Rachel Pearse

Personal information
- Born: 1994 (age 31–32) Harlech, Wales
- Occupation: Rock climber

Climbing career
- Type of climber: Traditional climbing; Bouldering; Sport climbing;
- Highest grade: Redpoint: 8b+ (5.14a); Onsight/Flash: 8a (5.13b); Bouldering: 7C (V9);
- Known for: First-ever female ascent of Indian Face

= Rachel Pearce =

British rock climber

Rachel Elin Pearce (born 1994) is a British female rock climber from Harlech in Wales who came to wider prominence for her repeats and first female free ascents (FFFAs) of major British traditional climbing routes that rank amongst some of the hardest in the world.

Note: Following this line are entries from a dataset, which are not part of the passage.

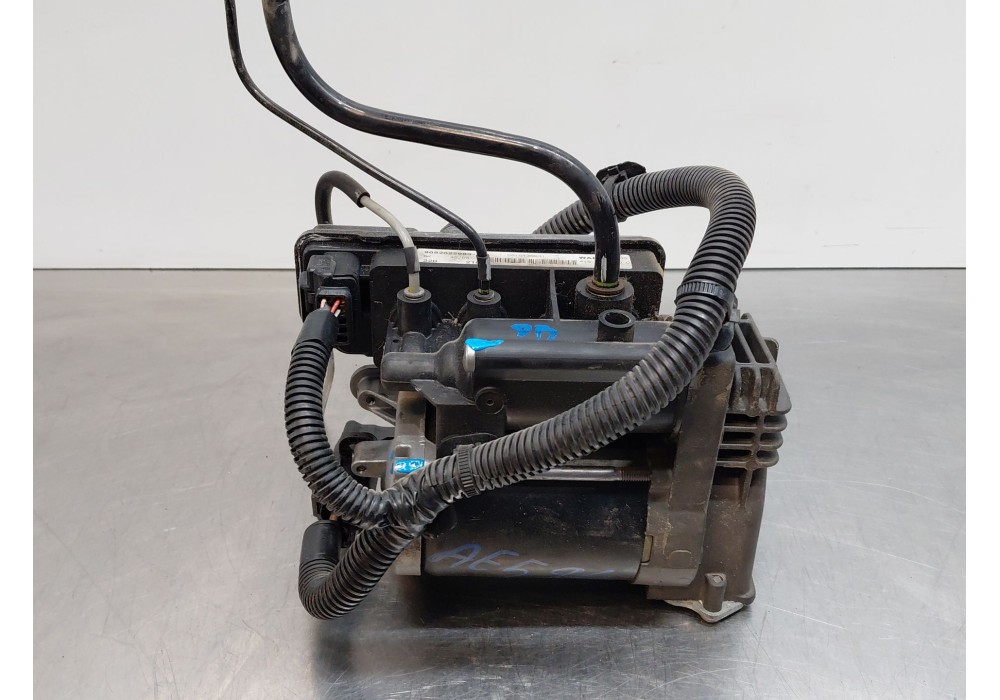 Recambio de bomba suspension para citroën c4 picasso i monospace (ud_) 1.6 hdi referencia OEM IAM 9801906980  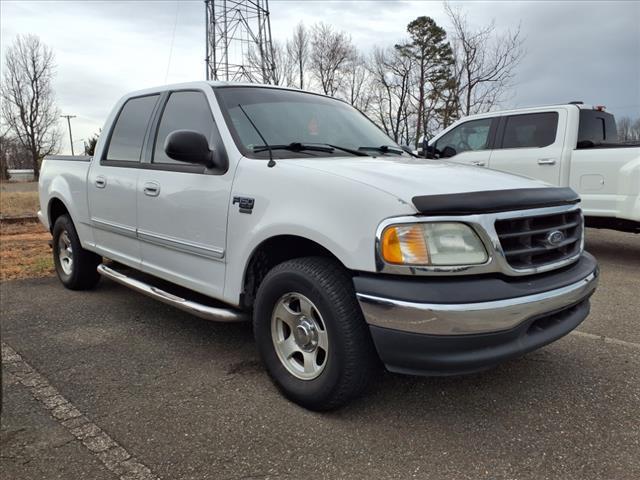 2003 Ford F-150 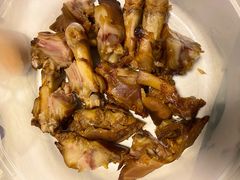 猪蹄-七菜馆·东北菜·蒸饺(文体路店)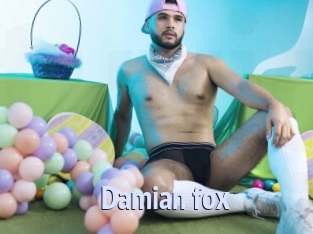 Damian_fox
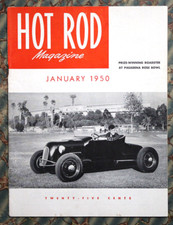 Hot rod 1950 for sale  Sacramento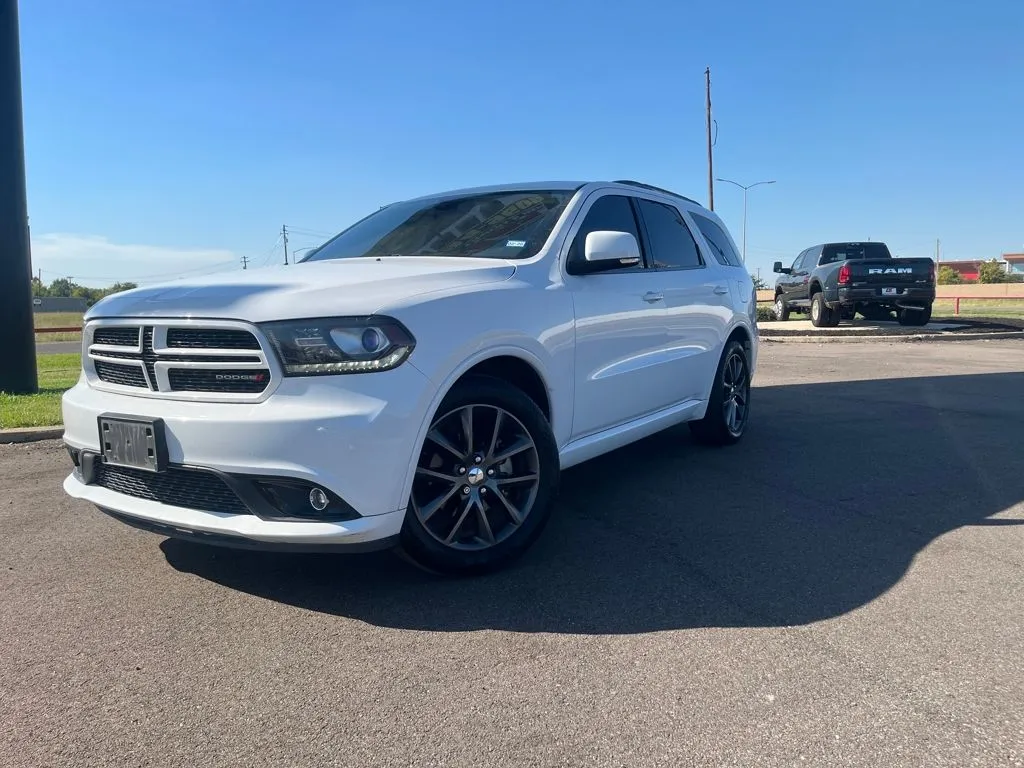 2018 Dodge Durango GT for sale in West Memphis, AR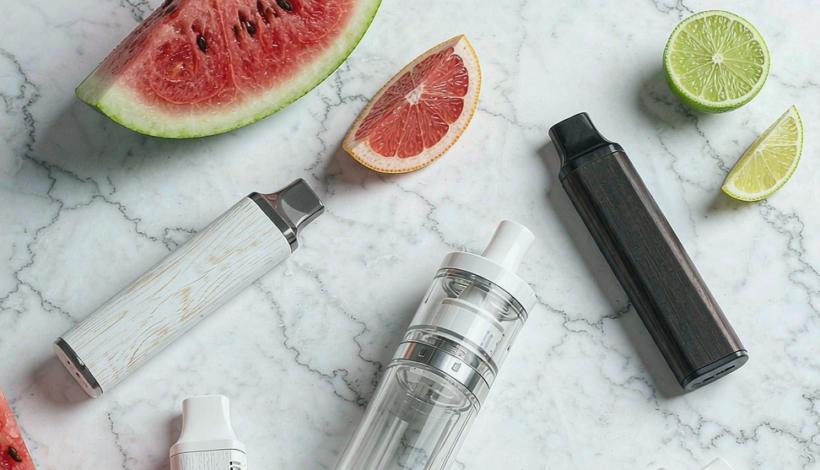 Backorder Available Vape Out of Stock Items packaging detail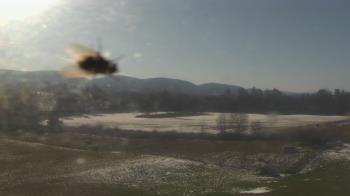 Weather camera view of Sugar Valley Rural Charter School.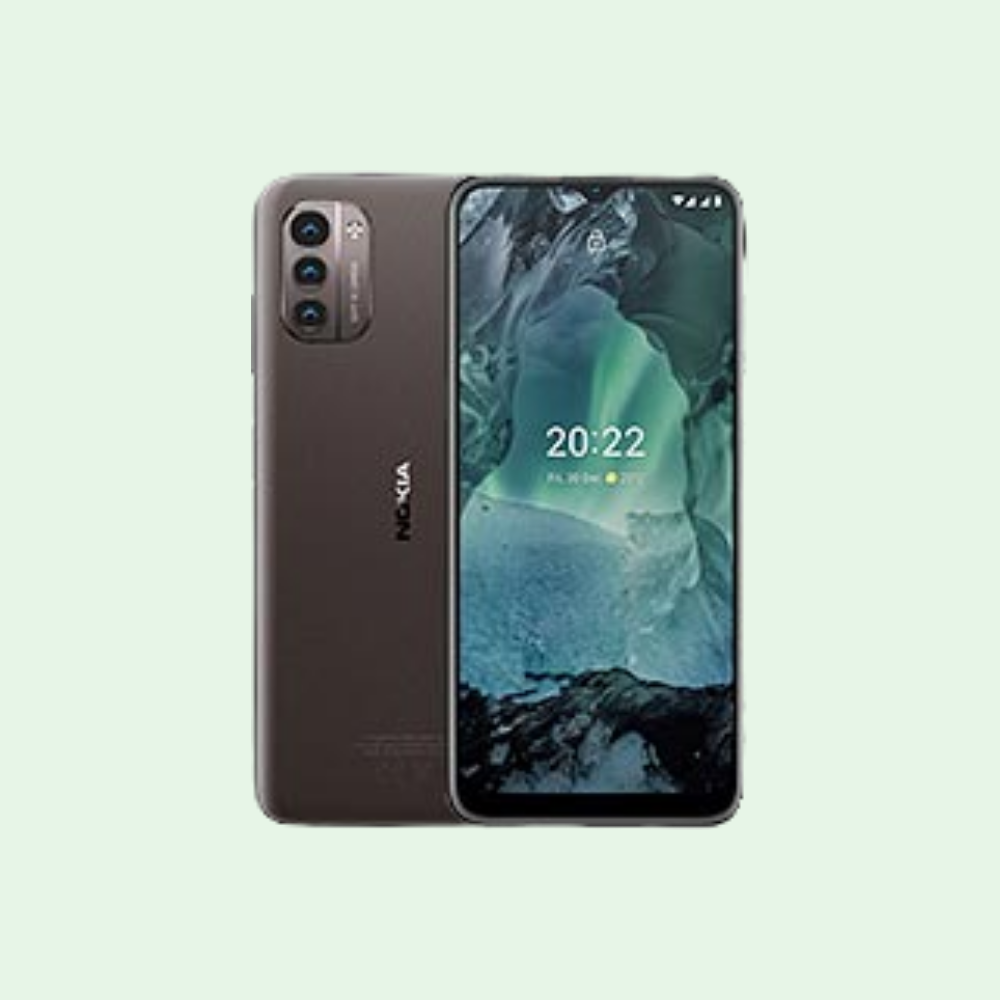 Nokia G21 DS Nokia G21 DS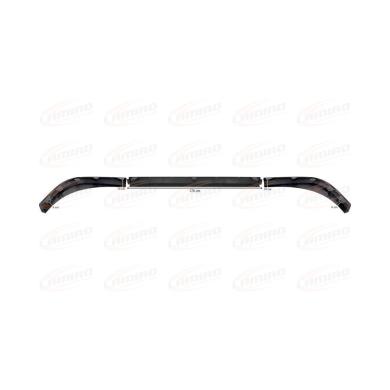 VOLVO FH4 FH5 PILNAS BUMPERIO SPOILERIS-1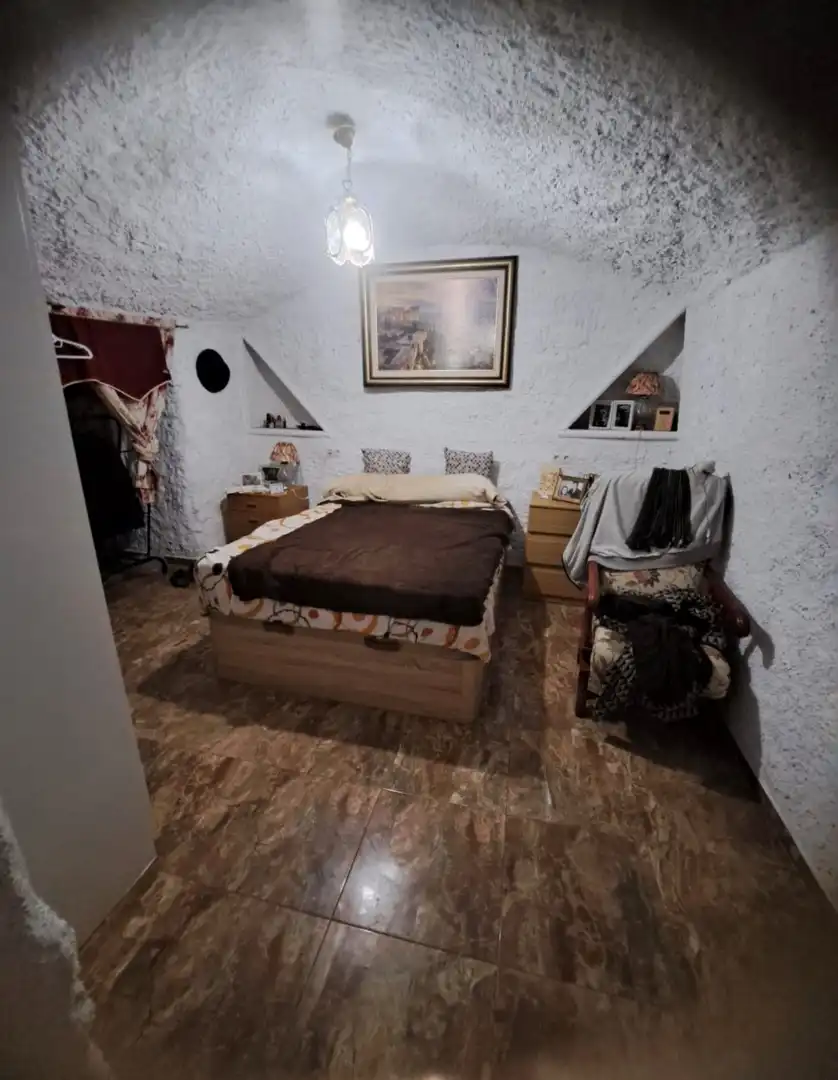 Casa o xalet en venda a Guadix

In June 2023, Pearce made the second female free ascent of the extreme traditional climbing route, Nightmayer (E8 6c), in Dinas Cromlech in Wales, and in September 2024 she made the third female ascent of Olwen (E9 6c), in Rhoscolyn in Wales. In August 2026, she made the first female free ascent of the famous traditional route, Indian Face (E9 6c), once considered the hardest traditional climbing route in the world, and a route that is still rarely repeated because of its high degree of danger and risk of groundfall.